GREENSBORO, N.C. — It’s been a tough year for many in the Piedmont Triad and thousands of families in the Guilford County school district alone are barely making ends meet.
“You know families that are just making it normally have had job losses, moving, and moving in with family and things like that so things are definitely different this year,” said Melanie Woodall, a school social worker at Irving Park Elementary.
Every holiday season Woodall organizes a fundraiser to buy Christmas gifts for her students and their families. Irving Park Elementary has about 580 students with a quarter of them lacking basic necessities and Woodall says with the pandemic this year, the need is even greater.
“There’s been a lot of housing issues but really I think beyond Christmas I would say there’s a lot of food and toiletries and things like that because even families that can qualify for things like food stamps that doesn’t cover toiletries. Cleaning expenses, toilet paper and things like that can get pricey,” Woodall said.
Food, clothing and personal care products top the list of items most requested.

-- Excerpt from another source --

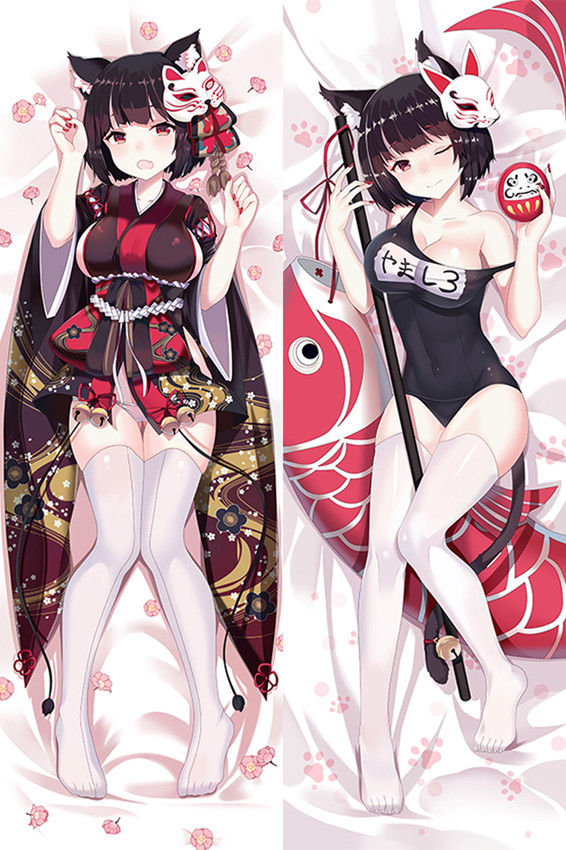 Yamashiro from Azur Lane dakimakura cover
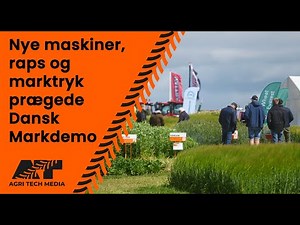 🇩🇰 Nye maskiner, raps og marktryk prægede Dansk Markdemo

“Students and families across Guilford County have experienced loss in so many ways this year. They’ve lost family members, they’ve lost experiences, they’ve lost employment and this has had a ripple effect on a lot of things and has led to a variety of needs,” said Shontria Carrington, supervisor of Dropout Prevention and Social Work Services for the district.
Carrington is in charge of the 79 social workers employed by the Guilford County School District and tells FOX8 each social worker checks in with students and their families daily.
“Food insecurity has been very high across Guilford County this year. There’s been an increase in the need for particular winter items that are needed for students and families,” Carrington said.
Woodall started a GoFundMe page for her school to meet the record number of needs this year.
“It always averages around 150 so I always start with that because that’s typical but there have been more this year and I get referrals from teachers, cafeteria workers, custodians and just families we’ve worked with over the years so it’s more this year,” Woodall said.
Woodall has already contacted more than 200 families promising to help them get through the winter.
“I always just say do the best you can. Teachers are giving a lot of grace and schools are giving a lot of grace and parents, as hard it is, they’re stepping up and they’re asked to do a lot more, just don’t give up and hang in there,” Woodall said.
To help a family in your community, you can contact your local school’s PTA or school social worker. Most schools are accepting monetary donations to purchase Christmas gifts and basic necessities.